Thomson Geer has won a landmark case clarifying for the Victorian building industry when the 10-year limitation period for commencing a building action takes effect.
The win in the Victorian Court of Appeal overturned an earlier Supreme Court decision which held that where multiple occupancy permits are issued for the same building works, the limitation period under section 134 of the Building Act 1993 (Vic) commences on the date of the ‘final’ occupancy permit for the works.
The Court of Appeal held that where multiple occupancy permits are issued, the 10-year limitation period will commence from the date the occupancy permit is first issued in respect of the relevant building work the subject of a building action. The Court of Appeal confirmed that time does not stop and start each time a subsequent occupancy permit is issued.
Thomson Geer was also successful in a cross appeal in the matter.
The cross-appeal related to the application by two Owners Corporations and 137 private lot owners seeking to overturn the decision of the Supreme Court which refused to allow the joinder of the private lot owners to the proceeding on the basis that, by the time the joinder application was made, the claims of the private lot owners were out of time.
The Court of Appeal refused to grant leave in relation to the cross-appeal, upholding Thomson Geer’s submission that the Tribunal does not have the power to join a party as a claimant to a proceeding when the limitation period has already expired even in circumstances where their claims are ‘closely intertwined’ with the existing claim brought by another party. In so holding, the Court of Appeal ruled that the Victorian Civil and Administrative Tribunal’s earlier decision in Owners Corporation PS 447493 v Burbank Australia Pty Ltd  VCAT 1911, which permitted the joinder of parties after the limitation period had expired, was incorrect.
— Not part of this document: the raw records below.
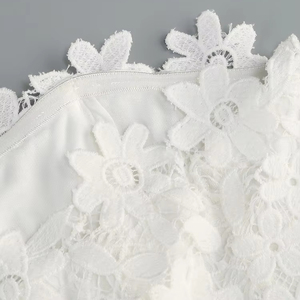 Vestite Elegantes Pour Femmes elegante tutina <span class=keywords><strong>in</strong></span> Jacquard floreale Chic <span class=keywords><strong>in</strong></span> <span class=keywords><strong>pizzo</strong></span> bianco senza spalline Jacquard con cintura di fiocco - Product Image 6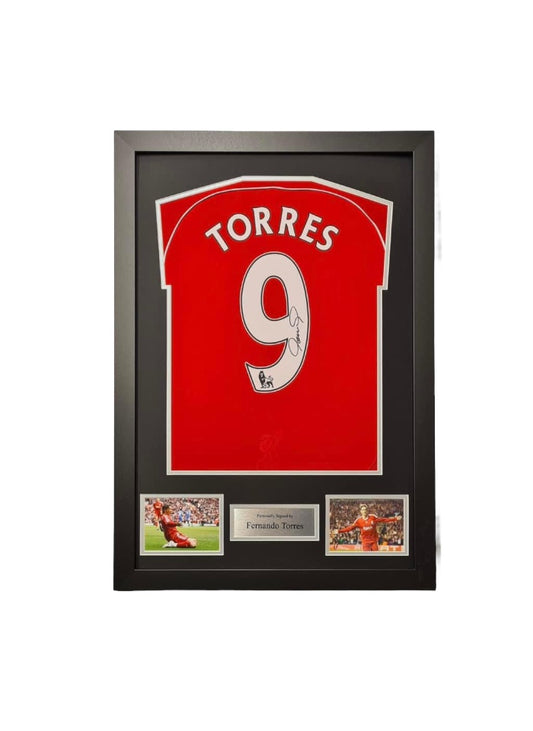 Fernando Torres signed Home 06-08 Shirt in deluxe frame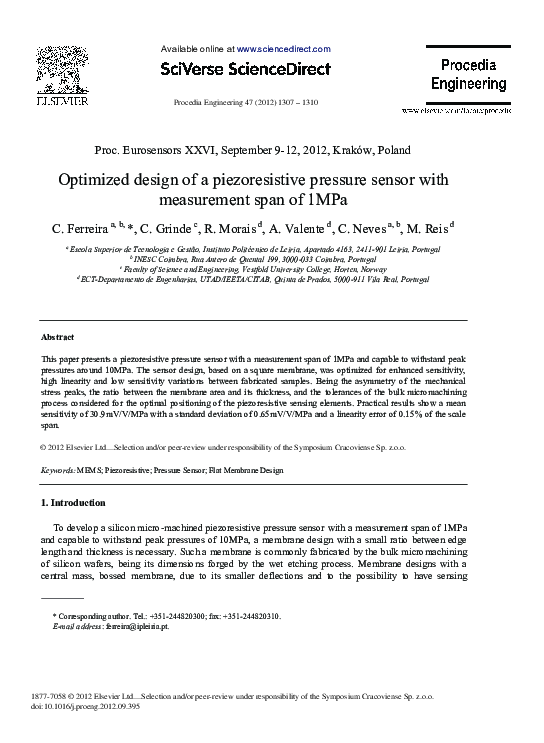 (PDF) Optimized Design of a Piezoresistive Pressure Sensor with ...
St John, who was lead Partner in the matter, said: “The Judgement sets an important precedent for the building industry in Victoria. We now have clarity and confidence on the issue of when the limitation period for commencing a building action starts to run and the extent of the Tribunal’s powers under s 60 of the Victorian Civil and Administrative Tribunal 1998 (Vic) to order the joinder of parties.”
Persa said: “The judgment is particularly significant given the recent prominence of large multi-story or multi-building developments where more than one occupancy permit may be issued for a development. The Court of Appeal has helped to provide certainty for all stakeholders and industry participants. Parties dealing in this space must now take care to identify whether multiple occupancy permits have been issued in respect of a development to ensure that proceedings are commenced within time.”
The Court of Appeal judgement is Lendlease Engineering Pty Ltd v Owners Corporation No 1  VSCA 105.